Task requirements> Your answer should hold each line of the material that contains the word "Bibliothek".

Material for the task>
——————————
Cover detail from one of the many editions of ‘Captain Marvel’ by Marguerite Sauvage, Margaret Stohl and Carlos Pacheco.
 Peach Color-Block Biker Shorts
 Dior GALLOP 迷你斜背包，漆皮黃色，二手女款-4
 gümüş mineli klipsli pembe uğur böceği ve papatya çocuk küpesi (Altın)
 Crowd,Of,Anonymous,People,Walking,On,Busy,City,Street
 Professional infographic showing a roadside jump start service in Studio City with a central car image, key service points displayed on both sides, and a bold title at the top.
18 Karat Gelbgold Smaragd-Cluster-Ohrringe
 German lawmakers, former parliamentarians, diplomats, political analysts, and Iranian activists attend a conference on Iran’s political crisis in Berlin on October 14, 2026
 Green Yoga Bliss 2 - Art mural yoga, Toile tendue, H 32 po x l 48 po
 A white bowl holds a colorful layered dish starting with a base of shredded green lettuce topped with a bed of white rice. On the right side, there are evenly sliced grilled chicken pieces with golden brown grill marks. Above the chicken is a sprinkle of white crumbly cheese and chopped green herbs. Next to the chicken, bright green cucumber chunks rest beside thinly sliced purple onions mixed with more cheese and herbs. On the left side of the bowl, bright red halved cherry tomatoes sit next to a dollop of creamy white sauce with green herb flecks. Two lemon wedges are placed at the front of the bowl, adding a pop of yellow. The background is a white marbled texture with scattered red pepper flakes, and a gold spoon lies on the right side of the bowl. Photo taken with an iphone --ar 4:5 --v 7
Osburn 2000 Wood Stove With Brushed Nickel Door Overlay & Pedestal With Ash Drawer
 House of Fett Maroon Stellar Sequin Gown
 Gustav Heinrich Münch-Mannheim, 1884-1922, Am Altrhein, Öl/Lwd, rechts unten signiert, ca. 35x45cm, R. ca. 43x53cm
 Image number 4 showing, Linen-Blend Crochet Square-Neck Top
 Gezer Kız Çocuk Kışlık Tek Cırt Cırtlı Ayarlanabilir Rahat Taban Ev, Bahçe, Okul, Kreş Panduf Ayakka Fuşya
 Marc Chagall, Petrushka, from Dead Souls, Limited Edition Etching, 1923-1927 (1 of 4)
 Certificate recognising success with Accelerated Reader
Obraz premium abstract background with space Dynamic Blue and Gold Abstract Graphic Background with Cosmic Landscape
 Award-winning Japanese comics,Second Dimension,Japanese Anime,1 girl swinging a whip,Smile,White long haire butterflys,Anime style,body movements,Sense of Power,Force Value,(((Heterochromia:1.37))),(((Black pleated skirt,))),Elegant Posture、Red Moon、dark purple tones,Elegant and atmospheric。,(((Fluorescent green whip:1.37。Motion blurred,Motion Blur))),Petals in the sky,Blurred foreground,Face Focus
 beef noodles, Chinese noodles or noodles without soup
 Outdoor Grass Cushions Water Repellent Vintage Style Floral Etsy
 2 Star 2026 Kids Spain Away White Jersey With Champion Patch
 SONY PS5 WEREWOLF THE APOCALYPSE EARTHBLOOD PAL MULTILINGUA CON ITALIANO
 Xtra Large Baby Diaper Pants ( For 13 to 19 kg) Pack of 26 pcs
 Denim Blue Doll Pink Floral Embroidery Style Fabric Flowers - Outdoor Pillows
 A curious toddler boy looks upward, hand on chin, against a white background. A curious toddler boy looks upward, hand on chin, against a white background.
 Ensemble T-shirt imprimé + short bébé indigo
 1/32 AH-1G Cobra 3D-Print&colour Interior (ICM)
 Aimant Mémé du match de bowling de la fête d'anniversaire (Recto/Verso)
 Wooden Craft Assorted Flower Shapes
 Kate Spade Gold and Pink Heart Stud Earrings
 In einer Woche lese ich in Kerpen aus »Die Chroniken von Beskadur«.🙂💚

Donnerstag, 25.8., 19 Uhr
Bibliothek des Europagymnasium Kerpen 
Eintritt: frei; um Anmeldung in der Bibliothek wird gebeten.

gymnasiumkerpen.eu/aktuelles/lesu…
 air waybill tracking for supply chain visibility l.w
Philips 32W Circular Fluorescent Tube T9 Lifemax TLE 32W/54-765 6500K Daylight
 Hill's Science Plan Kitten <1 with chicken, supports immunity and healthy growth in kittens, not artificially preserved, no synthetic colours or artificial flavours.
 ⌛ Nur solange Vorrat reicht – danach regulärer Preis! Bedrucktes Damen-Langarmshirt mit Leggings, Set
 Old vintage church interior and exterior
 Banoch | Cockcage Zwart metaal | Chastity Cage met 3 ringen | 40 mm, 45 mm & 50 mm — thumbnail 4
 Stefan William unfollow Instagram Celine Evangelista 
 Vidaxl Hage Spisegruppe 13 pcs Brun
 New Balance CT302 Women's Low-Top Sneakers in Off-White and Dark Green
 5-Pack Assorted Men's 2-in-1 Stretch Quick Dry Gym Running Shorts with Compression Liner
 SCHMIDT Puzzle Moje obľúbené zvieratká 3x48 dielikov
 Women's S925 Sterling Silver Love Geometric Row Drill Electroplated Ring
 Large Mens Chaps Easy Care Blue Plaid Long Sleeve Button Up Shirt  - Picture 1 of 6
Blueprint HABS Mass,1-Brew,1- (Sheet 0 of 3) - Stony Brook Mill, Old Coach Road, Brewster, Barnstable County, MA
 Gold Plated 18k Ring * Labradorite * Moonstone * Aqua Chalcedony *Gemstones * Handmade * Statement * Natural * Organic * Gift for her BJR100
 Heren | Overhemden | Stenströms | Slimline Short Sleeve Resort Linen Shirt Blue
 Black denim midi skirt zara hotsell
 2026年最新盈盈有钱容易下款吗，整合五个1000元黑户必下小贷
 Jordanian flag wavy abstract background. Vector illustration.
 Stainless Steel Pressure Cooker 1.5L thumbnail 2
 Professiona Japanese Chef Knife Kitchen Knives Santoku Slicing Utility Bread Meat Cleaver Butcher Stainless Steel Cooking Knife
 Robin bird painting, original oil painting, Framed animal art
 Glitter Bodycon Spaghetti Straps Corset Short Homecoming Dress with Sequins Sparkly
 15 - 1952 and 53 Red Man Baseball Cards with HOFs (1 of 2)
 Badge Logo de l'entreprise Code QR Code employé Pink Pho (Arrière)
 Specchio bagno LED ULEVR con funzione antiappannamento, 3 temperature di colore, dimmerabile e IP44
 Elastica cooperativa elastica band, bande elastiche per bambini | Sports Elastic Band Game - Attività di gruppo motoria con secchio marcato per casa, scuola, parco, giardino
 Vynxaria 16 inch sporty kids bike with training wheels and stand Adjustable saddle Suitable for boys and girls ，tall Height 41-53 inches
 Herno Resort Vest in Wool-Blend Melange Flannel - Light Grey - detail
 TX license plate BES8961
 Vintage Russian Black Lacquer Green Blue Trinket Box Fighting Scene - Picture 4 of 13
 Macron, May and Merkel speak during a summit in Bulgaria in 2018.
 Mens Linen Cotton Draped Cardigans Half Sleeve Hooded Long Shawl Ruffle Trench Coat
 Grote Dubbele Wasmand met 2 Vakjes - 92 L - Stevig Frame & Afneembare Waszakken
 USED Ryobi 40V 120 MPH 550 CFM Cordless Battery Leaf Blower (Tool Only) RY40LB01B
——————————
Solution>
Bibliothek des Europagymnasium Kerpen 
Eintritt: frei; um Anmeldung in der Bibliothek wird gebeten.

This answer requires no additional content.